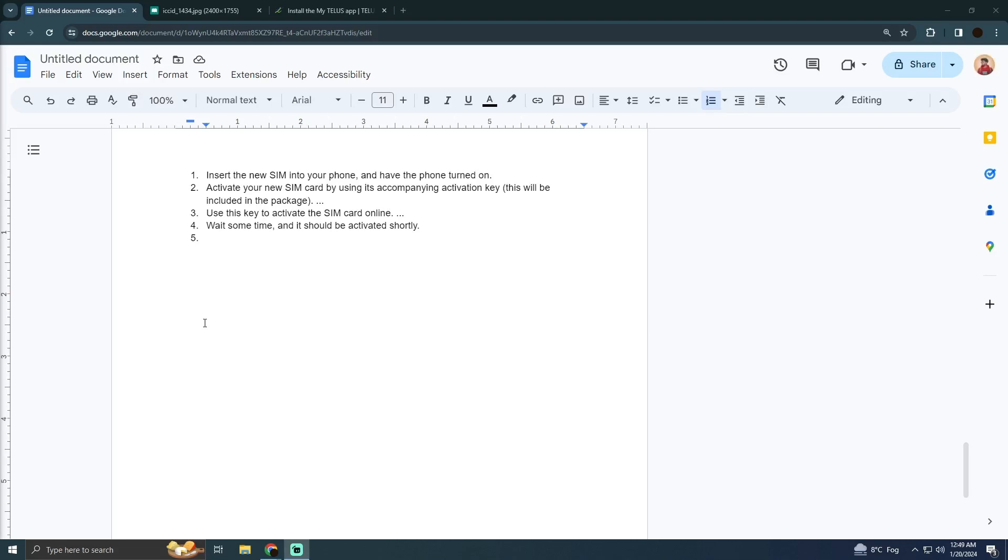In order to do that, you simply have to insert the SIM into your phone and make sure your phone is turned on. You'll need to activate your SIM card using the accompanying activation key.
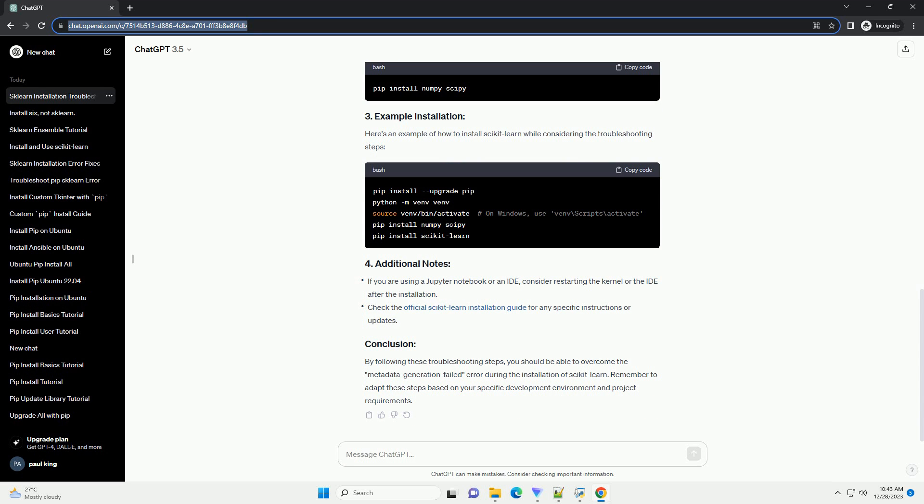Ensure that you have the latest version of PIP installed. Verify that you are using a compatible Python version. Scikit-Learn may require a specific version. Ensure that your internet connection is stable. Network issues can sometimes lead to failed installations.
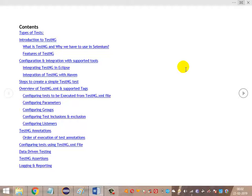Then configuring parameters, configuring groups, configuring dependencies, includes and excludes for certain tests, and configuring listeners in the testng.xml file. After that, we will cover TestNG annotations and the order of execution of these annotations. Post that, we will be using the Data Provider annotation and the Apache POI API for data-driven testing. Then we will look at the TestNG assertions — the basic assertions available and how to utilize them for writing unit tests.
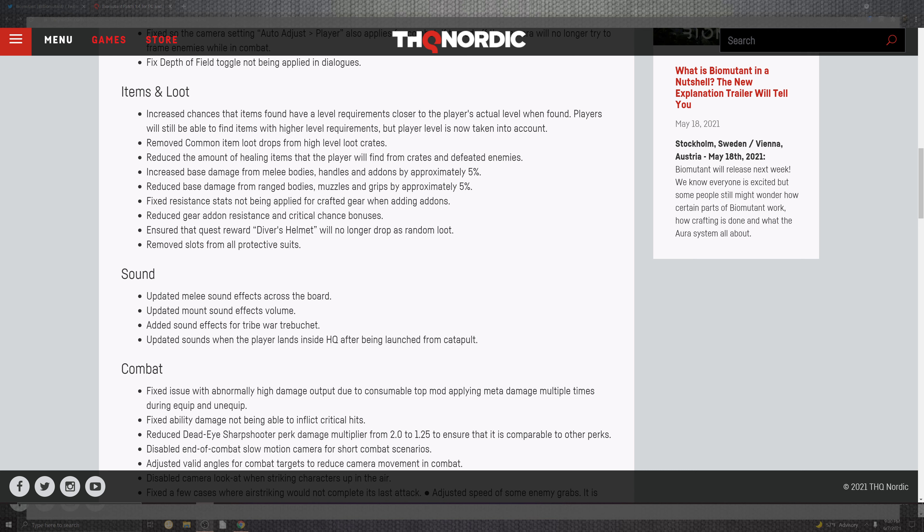The remove the common item drops for the higher level loot crates. Reduce the amount of healing items after the players will find the crates and defeat the enemies. Increase the base damage in the melee bodies handles the add-ons by approximately 5%. Reduces the base damage from the ranged bodies in the muzzle grip approximately 5%. And fix the resistance to start not being able to apply the craft gear when adding an add-on. Reduce the gear and the add-on resistance and the critical chance bonuses. Ensure the quest rewards and the helmet portions for no longer dropping the random loot style that it used to.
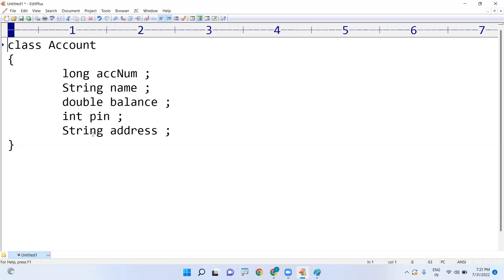What are the suitable data types when declaring these variables? Account number is of type long integer; name is of type String; balance is double, since it may have decimals; pin number is an integer, since we allow four digits; and address is a String type, as it represents a location.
==============================
◆ **WORK REQUIRED**:
Set the records down again word for word; the pictures stay out.

◆ **OUTPUT OF THE TASK**:
In order to do that, you simply have to insert the SIM into your phone and make sure your phone is turned on. You'll need to activate your SIM card using the accompanying activation key.
Ensure that you have the latest version of PIP installed. Verify that you are using a compatible Python version. Scikit-Learn may require a specific version. Ensure that your internet connection is stable. Network issues can sometimes lead to failed installations.
Then configuring parameters, configuring groups, configuring dependencies, includes and excludes for certain tests, and configuring listeners in the testng.xml file. After that, we will cover TestNG annotations and the order of execution of these annotations. Post that, we will be using the Data Provider annotation and the Apache POI API for data-driven testing. Then we will look at the TestNG assertions — the basic assertions available and how to utilize them for writing unit tests.
The remove the common item drops for the higher level loot crates. Reduce the amount of healing items after the players will find the crates and defeat the enemies. Increase the base damage in the melee bodies handles the add-ons by approximately 5%. Reduces the base damage from the ranged bodies in the muzzle grip approximately 5%. And fix the resistance to start not being able to apply the craft gear when adding an add-on. Reduce the gear and the add-on resistance and the critical chance bonuses. Ensure the quest rewards and the helmet portions for no longer dropping the random loot style that it used to.
What are the suitable data types when declaring these variables? Account number is of type long integer; name is of type String; balance is double, since it may have decimals; pin number is an integer, since we allow four digits; and address is a String type, as it represents a location.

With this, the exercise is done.